Task objective –
Print the whole listing below exactly as given, pictures excluded.

Data block –
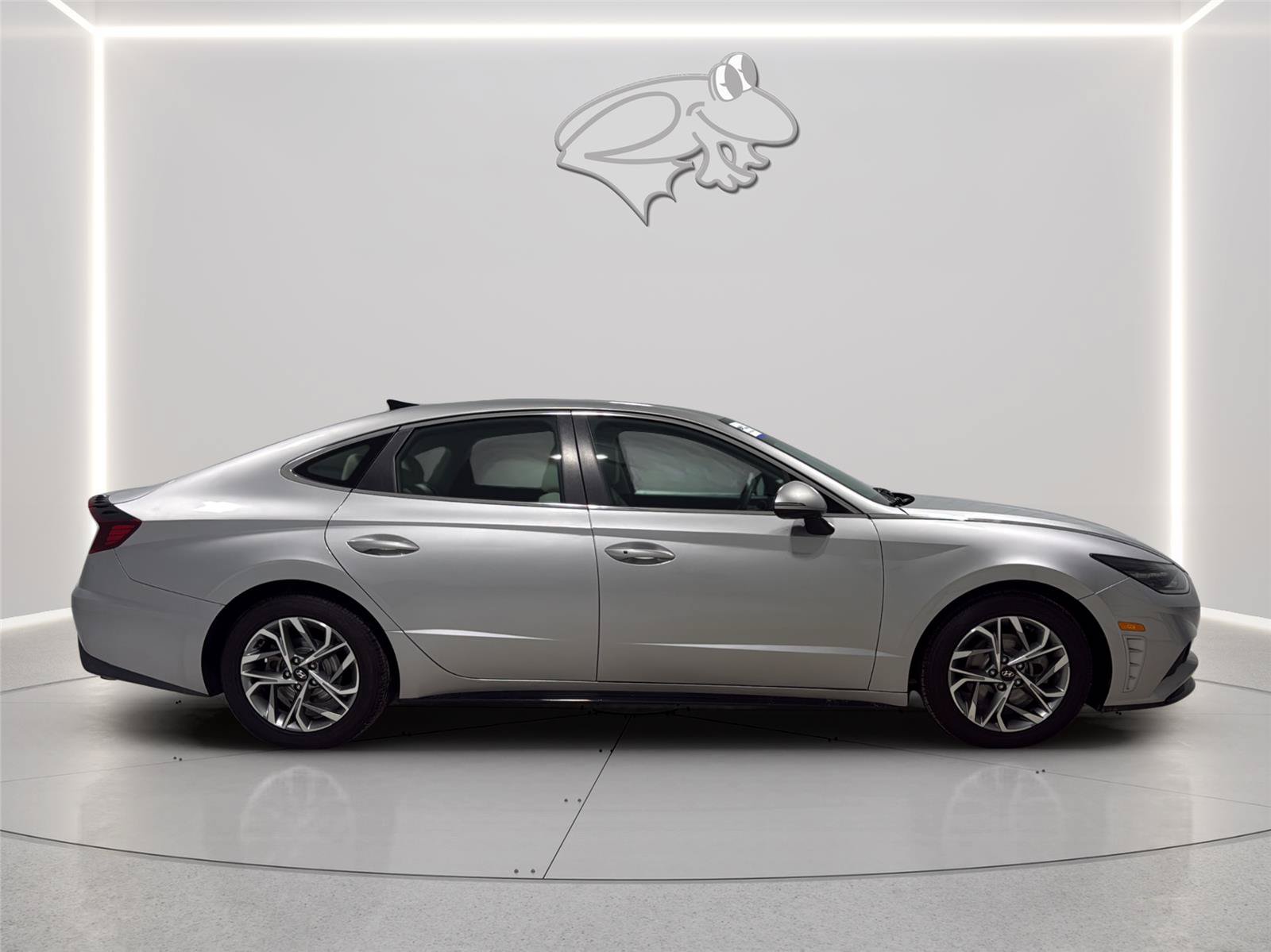 Used 2023 Hyundai Sonata SEL FWD image 5
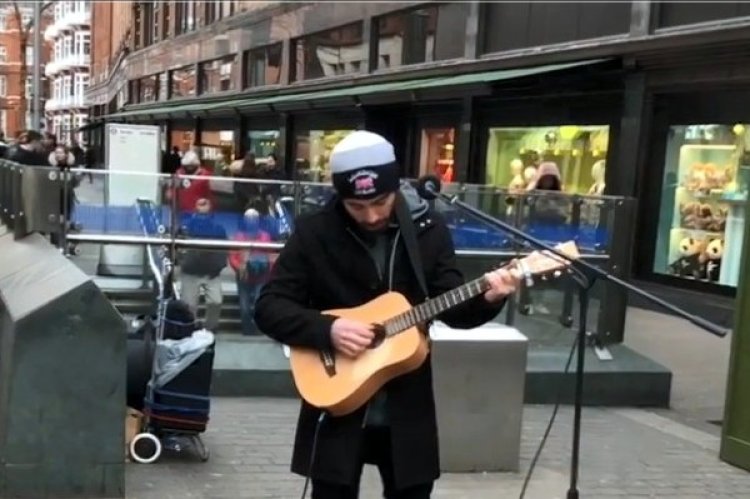 הזמר בזמן ההופעה הספונטנית ברחובות לונדון (צילום מסך)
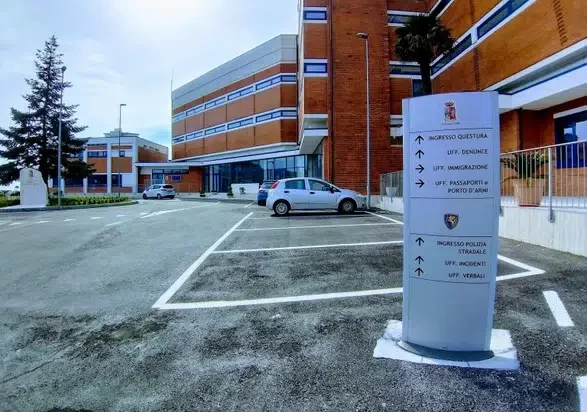 Spacca una bottiglia in testa all’ex marito e gli sottrae la carta di credito: ammonita una donna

Task answer –
 Used 2023 Hyundai Sonata SEL FWD image 5
 הזמר בזמן ההופעה הספונטנית ברחובות לונדון (צילום מסך)
 Spacca una bottiglia in testa all’ex marito e gli sottrae la carta di credito: ammonita una donna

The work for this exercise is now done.